Below is a letter we received from a young lady who read our book. It is encouraging to see how God works.
Not long ago, I found myself at the end of my rope. I knew Jesus, but I didn’t know what to do. I was involved in a same sex relationship, and I didn’t want it to end.
My daddy is an assistant pastor and I had became a Christian at an early age as well. Yet, I struggled with my identity and why I felt the way I did for a long time. I developed a sexual attraction that I couldn’t get over. I tried to date men, but it was no use, I felt nothing. I was turned off by guys.
I have always been outgoing and adventurous. I loved what most girls love. Yet, underneath all the “femininity” and “normalcy” I was struggling. I didn’t find guys sexually attractive and I doubted my sexuality. My freshman year of high school, I had a non-physical, emotionally dependent relationship with another girl, which lasted a year. It scared me to death because I developed a romantic love for her. I tried to dismiss it as nothing more than a deep friendship, but I knew the feelings I had were wrong.
However, by my senior year in high school, I became sexually active. I felt a sense of freedom and acted out my fantasies and feelings. I had an emotional and physical affair with another girl. Initially, It felt incredible, and yet at the same time I felt wrong.
It’s difficult to explain how a person can feel euphoric and ashamed at the same time, but I did. After high school, I tried to reconcile my Christianity with my sexuality. I fought myself. I fought with God. I prayed. I cried a lot. I felt defeated. I questioned him and I begged him. I read all the books I could find that were for me and my lifestyle. I wanted to find peace, but couldn’t. I even attended a gay-friendly church.
However, I understood enough Scripture to know what was true and what wasn’t. I wasn’t receiving truth.
My depression only increased because God was making it clear as I read Scripture that He did not approve of my actions.
I wanted my feelings to over-rule what I knew to be true.
For me to surrender my sexual behavior to God was like someone telling me that I didn’t deserve to be loved. I truly felt like I would never experience love. I was afraid and angry.
The Lord was making it clear to me that the sexual relationship I was in must stop. I cried uncontrollably. Why would God not want me happy?
Why would he make me such a messed up person? I wondered what sin I committed to deserve this punishment.
You can’t imagine the pain of thinking you will always be lonely and broken.
My family never stopped praying for me and I’ve learned that God always answers prayer.
My relationship came to a sudden end, and yes, I was devastated, but my family didn’t ignore my hurt. They comforted me. I didn’t know how to respond. I thought they would act cold and indifferent toward my suffering, but they cried with me. Their reaction puzzled me but it moved me more than any fight we ever had over my sexuality.
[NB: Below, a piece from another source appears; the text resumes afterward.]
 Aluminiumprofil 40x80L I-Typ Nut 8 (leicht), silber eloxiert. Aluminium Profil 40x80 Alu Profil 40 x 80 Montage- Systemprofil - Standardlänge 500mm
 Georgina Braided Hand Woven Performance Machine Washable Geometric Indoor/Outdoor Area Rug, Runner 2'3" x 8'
I wanted to know what was behind it. Why were they acting so kind? My daddy gave me a book titled “Born That Way After All”. One look at the title and I thought my parents had flipped. I had never heard anything like it before. But I knew what I was reading was true. I knew it was me.
I will admit, It was not easy. My lesbianism had become my identity. It had become my safe answer for coworkers and friends. I still feared being alone, and I was tempted. I felt alone at church and wanted the affection that I saw others experiencing. Yet, even with these fears and temptations, a miracle took place; everything I was longing for and aching for was found in Jesus!
Believe me, I know how that sounds. When people used to make statements like this to me, I only heard blah noise blah, but once you experience it, you know it’s true. Jesus is passionate and compassionate.
His love is deep. He knows how I needed to be loved too.
His love lead me to obedience, and that obedience lead me to wholeness.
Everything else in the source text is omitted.